» TASK DETAILS:
Transcribe the entries below word for word, beginning at the line with "Dwójka dzieci maluje" and stopping after the line with "Doktor ve ailesi"; drop all pictures.

» PROVIDED RECORDS:
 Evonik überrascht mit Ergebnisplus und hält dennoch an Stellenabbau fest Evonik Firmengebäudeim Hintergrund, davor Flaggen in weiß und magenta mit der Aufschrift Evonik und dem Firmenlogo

==

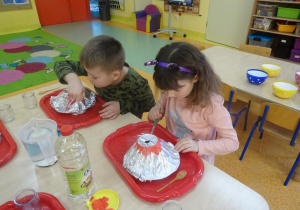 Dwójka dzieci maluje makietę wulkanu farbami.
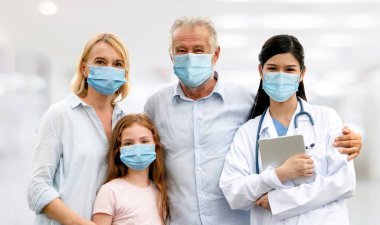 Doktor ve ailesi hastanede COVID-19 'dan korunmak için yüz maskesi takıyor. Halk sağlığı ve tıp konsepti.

» RESULT OF THIS TASK:
 Dwójka dzieci maluje makietę wulkanu farbami.
 Doktor ve ailesi hastanede COVID-19 'dan korunmak için yüz maskesi takıyor. Halk sağlığı ve tıp konsepti.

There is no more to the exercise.